«Vi sarebbe un giovanetto di 15 anni, sveglio ed intelligente, che desidererebbe iniziarsi alla carriera sacerdotale in un istituto missionario, essendo sua intenzione divenire un giorno missionario? Potrebbe riceverlo nel suo istituto per iniziare gli studi ginnasiali?» Questa letterina del 27 settembre 1926 è scritta dal sacerdote Andrea Sosio di Buglio (Sondrio) al superiore dei Comboniani. La risposta deve essere stata affermativa se, l’8 ottobre, il parroco di Valdidentro, don Bradanini Albino, scriveva: «Ecco qui i documenti richiesti per il mio parrocchiano Sosio Valente. È il quinto di undici fratelli e sorelle. Fin da piccolo mostrò inclinazioni alla vita religiosa, ma le circostanze di famiglia non gli permisero di assecondare questa sua inclinazione. Anzi, non poté nemmeno fare con profitto le scuole elementari perché la maggior parte dell'anno doveva fare un viaggio di più di un'ora di cammino in mezzo alla neve e alla tormenta, e a primavera troncare le scuole prima che fossero finite per aiutare in famiglia. Ha una gran buona volontà e discreta intelligenza».
La mamma era morta per un attacco di cuore, per cui si può facilmente immaginare come fosse la famiglia Sosio con undici figli da tirare su, e con scarsissime risorse economiche.
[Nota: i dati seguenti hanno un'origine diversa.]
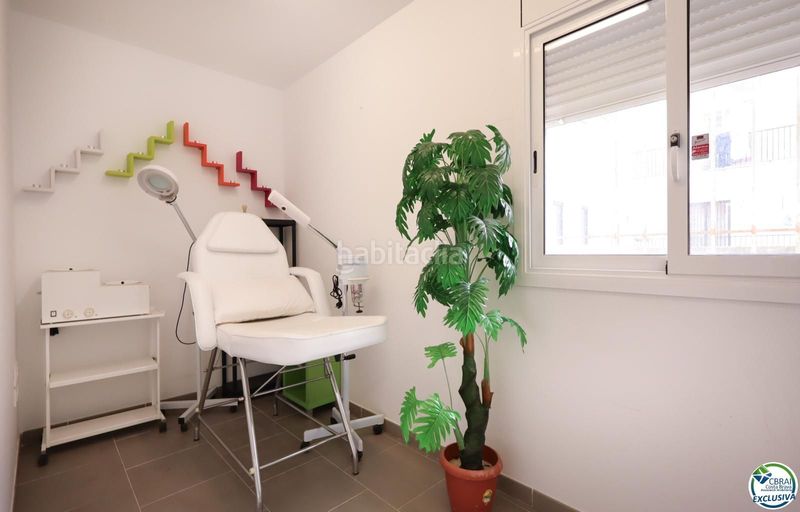 Foto ff9207b1-4176-4167-8e96-9fd5083018b9. Local comercial a Centre Roses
Entrato nella scuola apostolica di Brescia, si impegnò a fondo negli studi tanto da superare la quinta ginnasio con buoni voti. Si prestava generosamente anche ai lavori di pulizia della casa e di aiuto al lavandino (come si usava allora) con molta dedizione. La vita dura in famiglia prima di entrare tra i Comboniani gli aveva insegnato tante cose. In tre anni, infatti, riuscì a ricuperare i cinque anni di ginnasio in modo da trovarsi alla pari con coloro che erano entrati a 12 anni.
Il 28 ottobre 1929 fece la vestizione nel noviziato di Venegono Superiore (vi era entrato il 12 settembre), e poi cercò di applicarsi come meglio poté per l'acquisto delle virtù proprie del missionario.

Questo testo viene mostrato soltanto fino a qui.